> Task requirements: When the line with "1.44 Ct.Tw.Total Carat" comes up, set it down and every later line to the end of the data, exactly and without pictures.

*** Records to process Section Begins ***

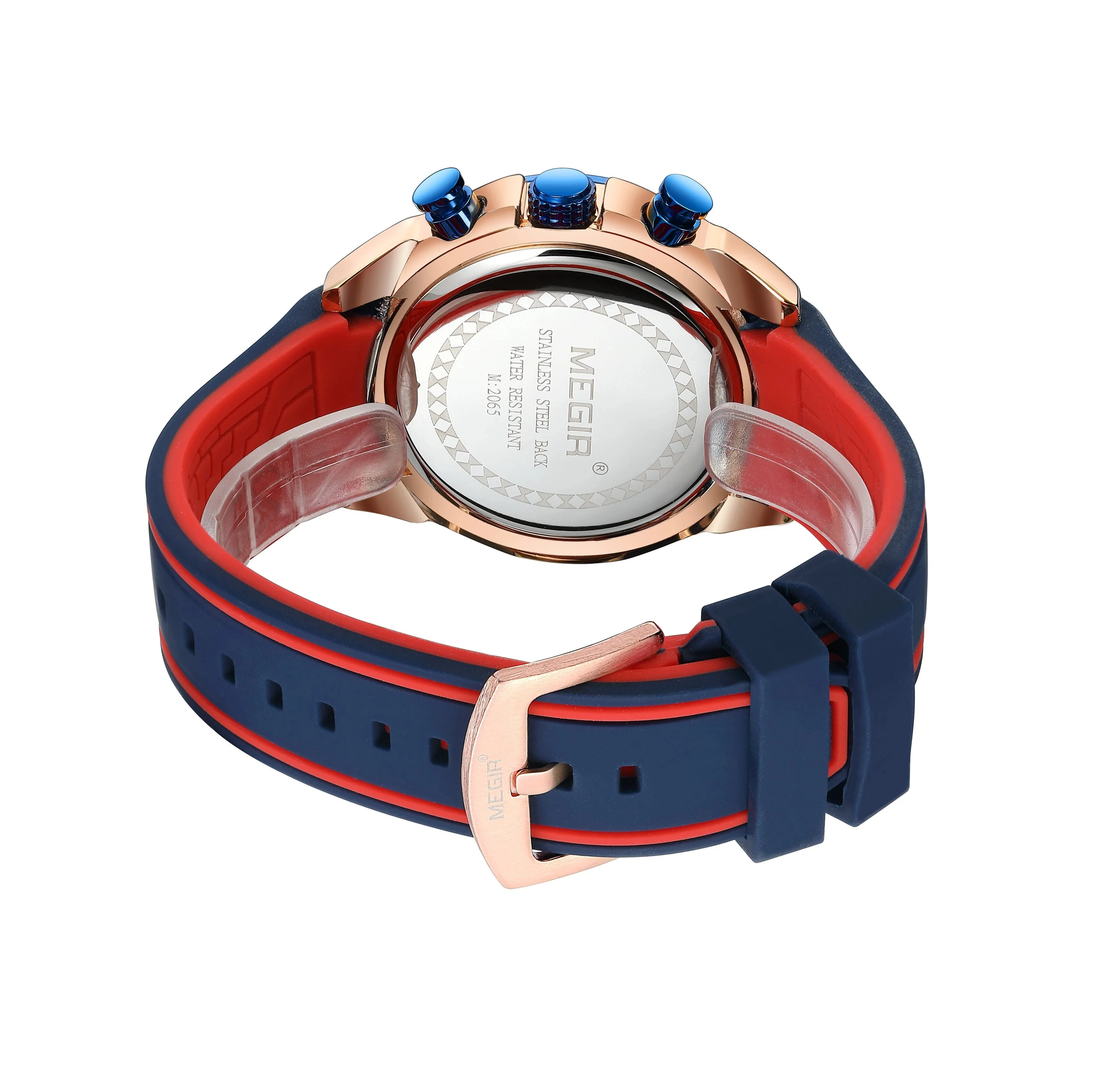 MEGIR Fashion Men's Watches Silicone Military Sport Watch Waterproof Date Chronograph Clock Wrist Watch Relogio Masculino 2065 - Image 4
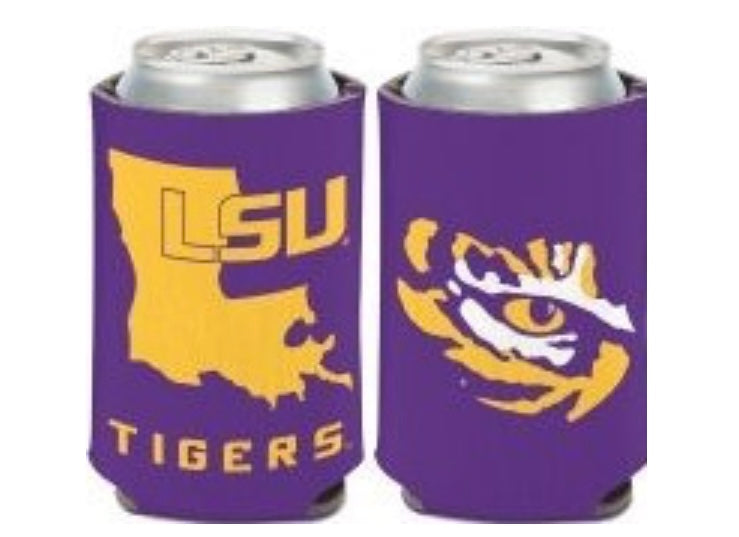 LSU Can Cozy - 2 sided cooler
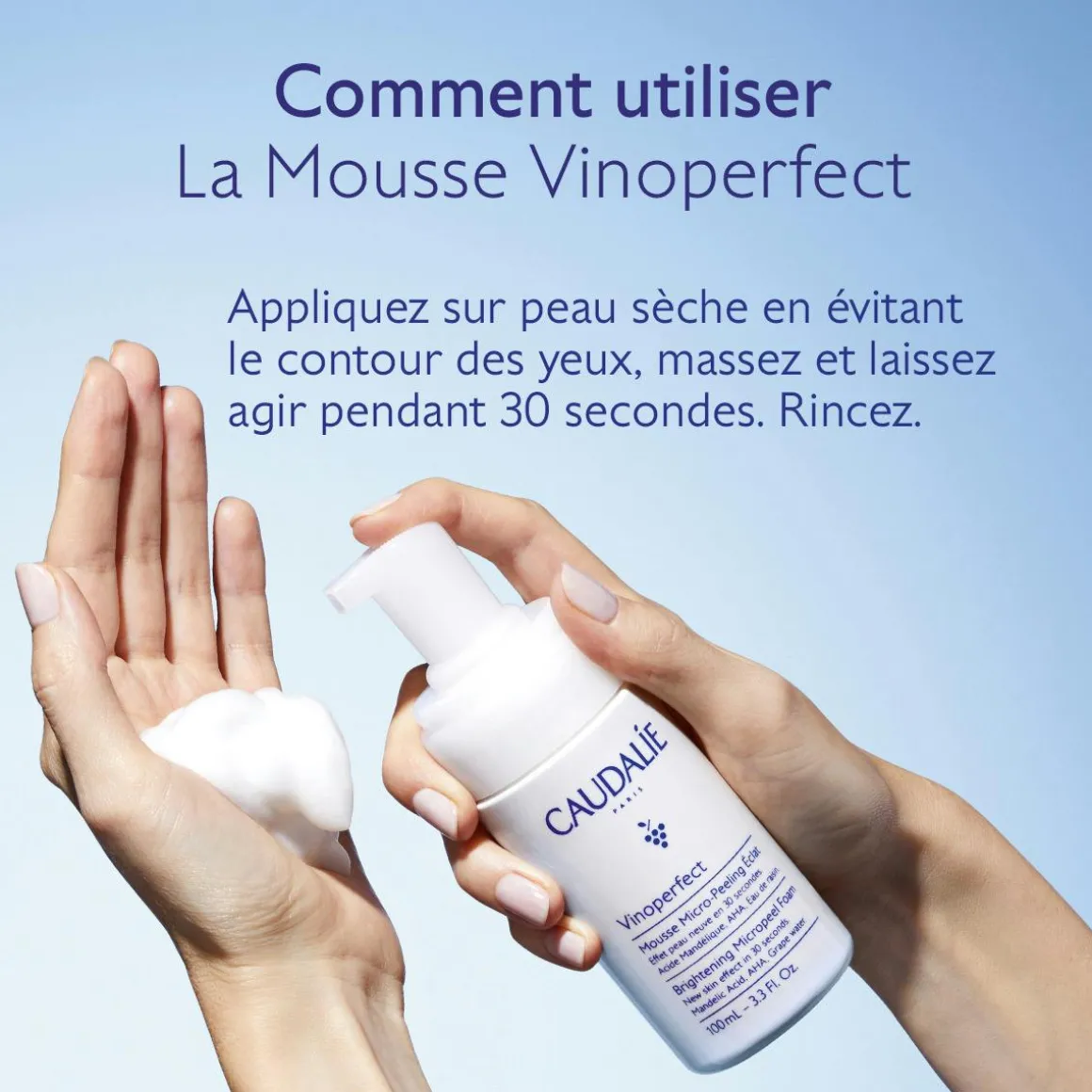 Mousse Micro-Peeling Éclat à l'Acide Mandélique (AHA) - 50mL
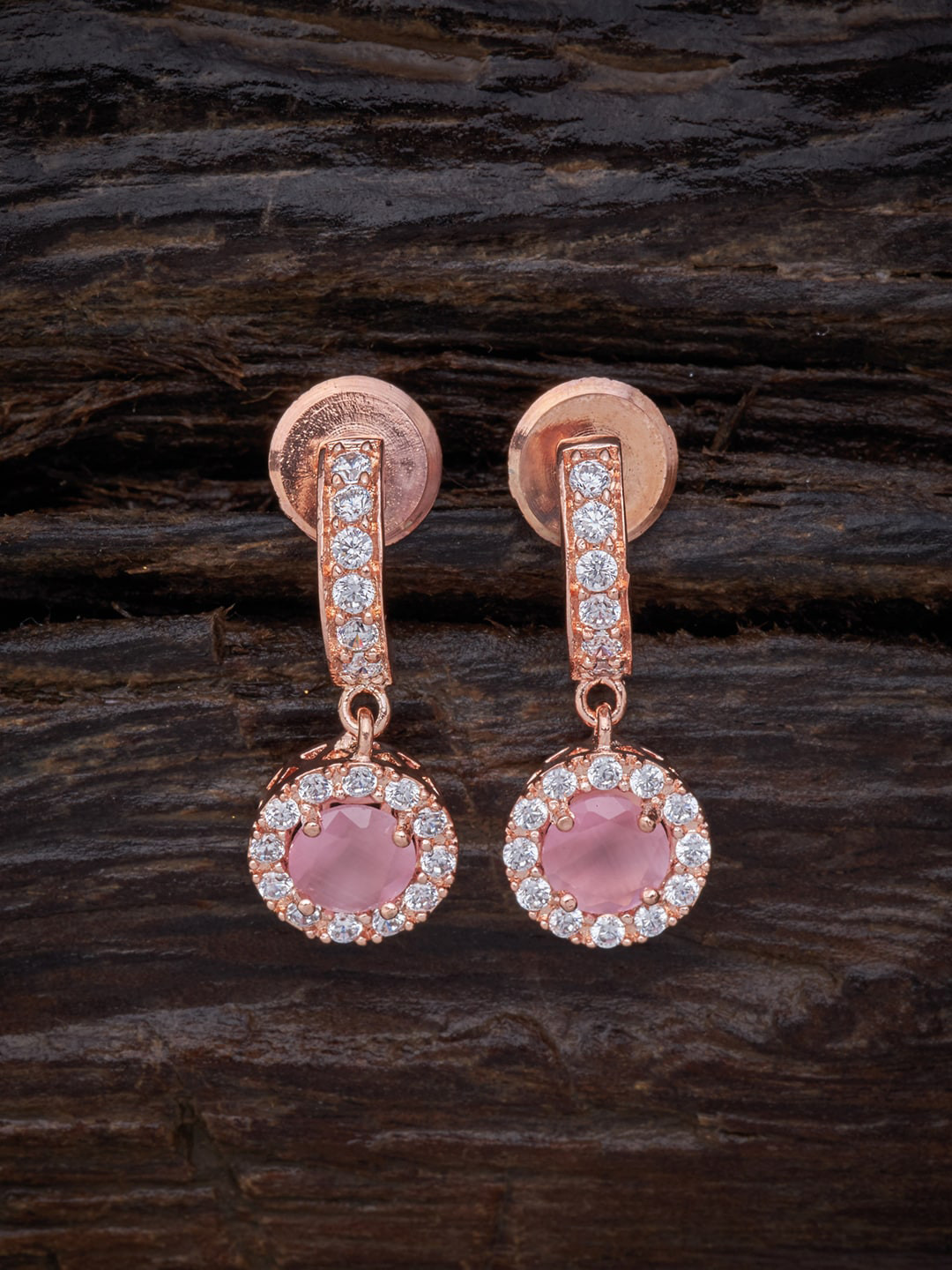 Kushal's Fashion Jewellery Embellished Bridal White Drop Earrings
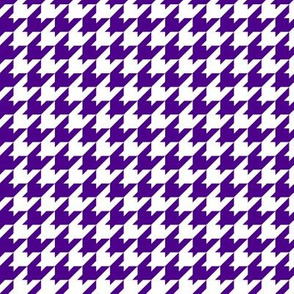 Houndstooth Pattern - Royal Purple and White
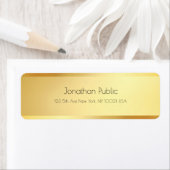 Glamour Gold Einfache Designvorlage Moderne Elegan (Insitu)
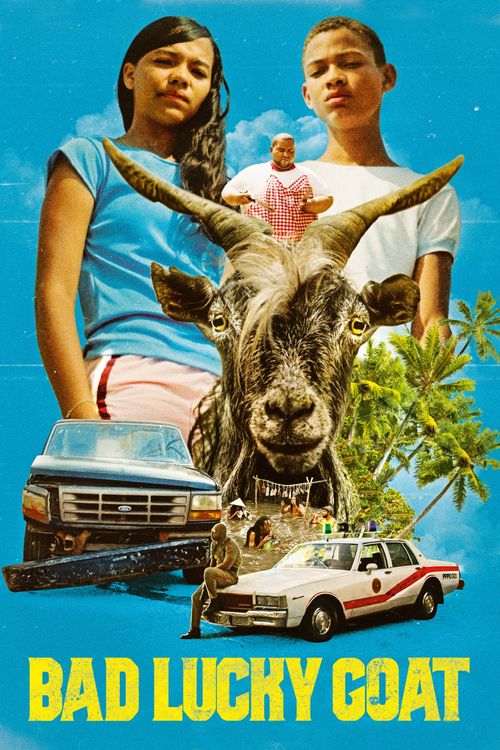 Bad Lucky Goat Poster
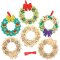 Christmas Wreath Decorations (Pack of 10)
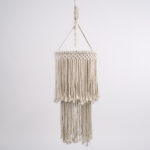 GLOBOSTAR® ZAMBIA 36208 Boho Κρεμαστό Φωτιστικό Οροφής με Ντουί 1 x E27 AC 220-240V IP20 - Μπεζ - Μ30 x Π30 x Υ60cm - Image 5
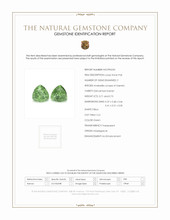1.44 Ct.Tw.Total Carat Weight Demantoid Garnet Pair from Madagascar Scan Report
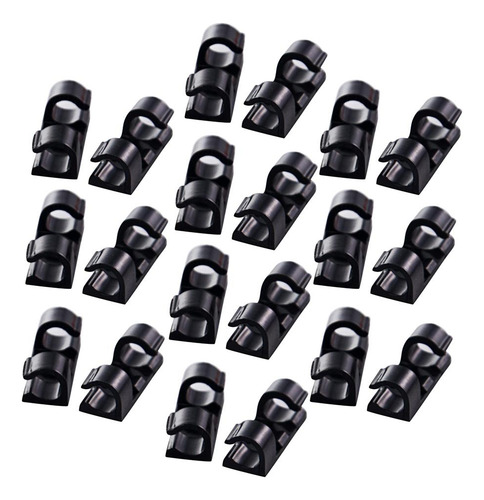 Tachiuwa 100 Pieces Self Adhesive Wire Tie Cable Clips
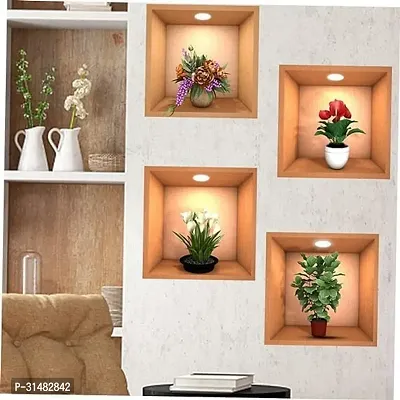 Self-Adhesive Waterproof Wallpaper Stickers Living Room Pack of 4-thumb4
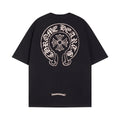 Chrome Heart T Shirts Horseshoe Cross Print Short Sleeve T-Shirt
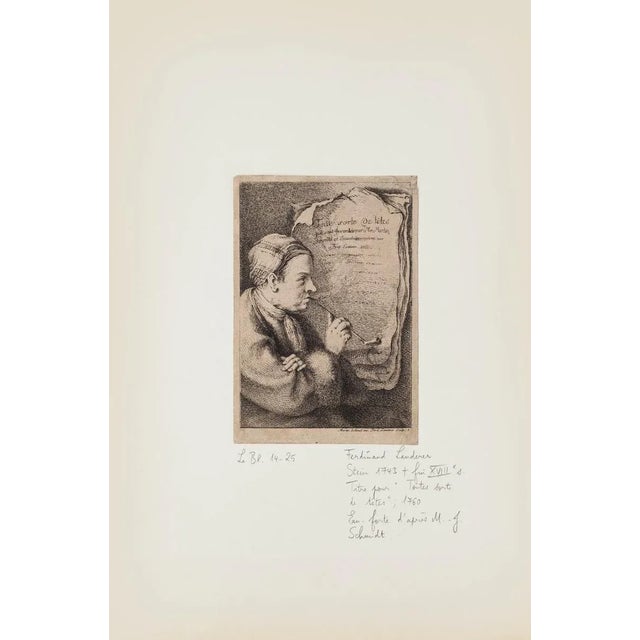 Toute Sorte le Têtes is an original etching artwork realized by the austrian engraver Ferdinand Landerer (1730-1795),...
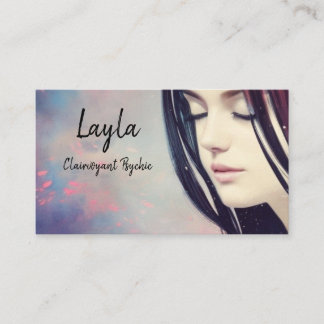 Tarot Psychic hair Business Card
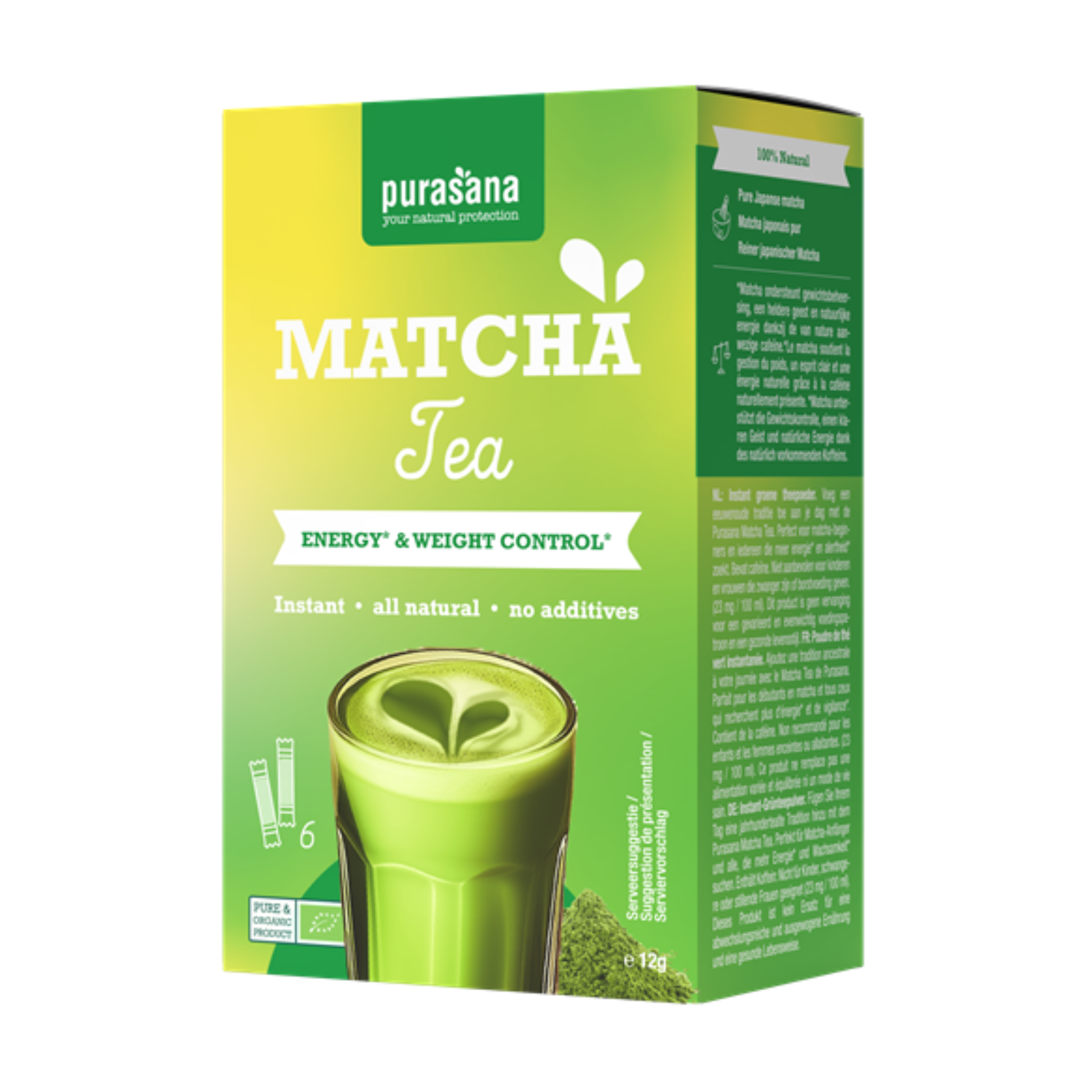 Instant Matcha Groene Thee bio Purasana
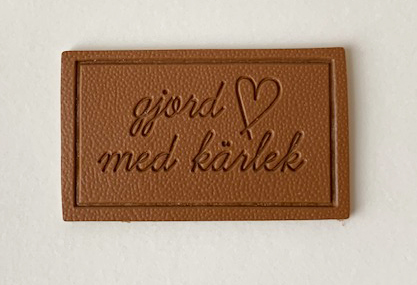 Letherlabel brown gjord med kärlek - 2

*** Records to process Section Ends ***

> Answer below:
1.44 Ct.Tw.Total Carat Weight Demantoid Garnet Pair from Madagascar Scan Report
 Tachiuwa 100 Pieces Self Adhesive Wire Tie Cable Clips
 Self-Adhesive Waterproof Wallpaper Stickers Living Room Pack of 4-thumb4
 Chrome Heart T Shirts Horseshoe Cross Print Short Sleeve T-Shirt
 Toute Sorte le Têtes is an original etching artwork realized by the austrian engraver Ferdinand Landerer (1730-1795),...
 Tarot Psychic hair Business Card
 Instant Matcha Groene Thee bio Purasana
 Letherlabel brown gjord med kärlek - 2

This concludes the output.